**Work order**:
Return all lines in the data where the string "Water" can be found.

**Extracted entries**:
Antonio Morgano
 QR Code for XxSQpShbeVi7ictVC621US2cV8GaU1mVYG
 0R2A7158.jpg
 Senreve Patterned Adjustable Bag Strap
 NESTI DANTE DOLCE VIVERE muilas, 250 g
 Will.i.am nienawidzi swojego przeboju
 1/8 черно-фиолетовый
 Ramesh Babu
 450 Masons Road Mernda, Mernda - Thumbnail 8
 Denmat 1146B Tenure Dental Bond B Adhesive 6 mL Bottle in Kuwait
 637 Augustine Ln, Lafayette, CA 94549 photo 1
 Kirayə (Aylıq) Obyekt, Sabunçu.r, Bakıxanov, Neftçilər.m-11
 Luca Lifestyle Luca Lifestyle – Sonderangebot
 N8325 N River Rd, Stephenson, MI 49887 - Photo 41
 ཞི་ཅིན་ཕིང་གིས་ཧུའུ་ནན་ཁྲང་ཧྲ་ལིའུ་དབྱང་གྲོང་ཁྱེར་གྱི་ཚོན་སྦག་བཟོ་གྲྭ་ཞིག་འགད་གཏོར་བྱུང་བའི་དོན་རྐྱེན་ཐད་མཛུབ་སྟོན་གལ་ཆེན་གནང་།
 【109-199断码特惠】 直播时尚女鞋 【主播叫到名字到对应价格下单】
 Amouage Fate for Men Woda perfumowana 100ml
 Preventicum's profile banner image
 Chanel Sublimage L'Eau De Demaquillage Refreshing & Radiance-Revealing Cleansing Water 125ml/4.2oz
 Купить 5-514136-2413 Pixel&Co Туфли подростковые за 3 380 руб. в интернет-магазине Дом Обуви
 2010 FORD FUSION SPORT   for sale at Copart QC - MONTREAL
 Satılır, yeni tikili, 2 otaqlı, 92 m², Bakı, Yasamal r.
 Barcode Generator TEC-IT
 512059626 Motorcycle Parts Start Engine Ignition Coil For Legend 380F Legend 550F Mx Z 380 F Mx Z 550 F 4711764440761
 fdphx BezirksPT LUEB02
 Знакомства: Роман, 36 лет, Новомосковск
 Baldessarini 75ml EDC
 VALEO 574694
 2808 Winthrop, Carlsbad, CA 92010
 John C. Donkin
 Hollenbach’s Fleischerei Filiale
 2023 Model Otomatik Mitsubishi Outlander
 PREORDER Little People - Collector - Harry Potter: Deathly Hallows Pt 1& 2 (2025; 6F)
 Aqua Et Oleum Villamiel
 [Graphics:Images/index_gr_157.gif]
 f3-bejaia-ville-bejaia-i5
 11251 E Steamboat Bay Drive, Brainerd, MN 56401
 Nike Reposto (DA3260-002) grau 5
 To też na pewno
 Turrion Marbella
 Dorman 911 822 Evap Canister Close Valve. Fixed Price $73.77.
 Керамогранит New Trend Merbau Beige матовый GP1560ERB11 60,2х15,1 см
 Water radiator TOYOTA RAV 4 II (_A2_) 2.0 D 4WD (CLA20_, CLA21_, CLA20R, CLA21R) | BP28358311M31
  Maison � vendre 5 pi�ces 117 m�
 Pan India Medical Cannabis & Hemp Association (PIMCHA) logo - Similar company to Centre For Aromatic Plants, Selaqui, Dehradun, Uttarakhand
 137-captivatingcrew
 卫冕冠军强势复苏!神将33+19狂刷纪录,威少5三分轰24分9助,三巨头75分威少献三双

**Finished task**:
 Chanel Sublimage L'Eau De Demaquillage Refreshing & Radiance-Revealing Cleansing Water 125ml/4.2oz
 Water radiator TOYOTA RAV 4 II (_A2_) 2.0 D 4WD (CLA20_, CLA21_, CLA20R, CLA21R) | BP28358311M31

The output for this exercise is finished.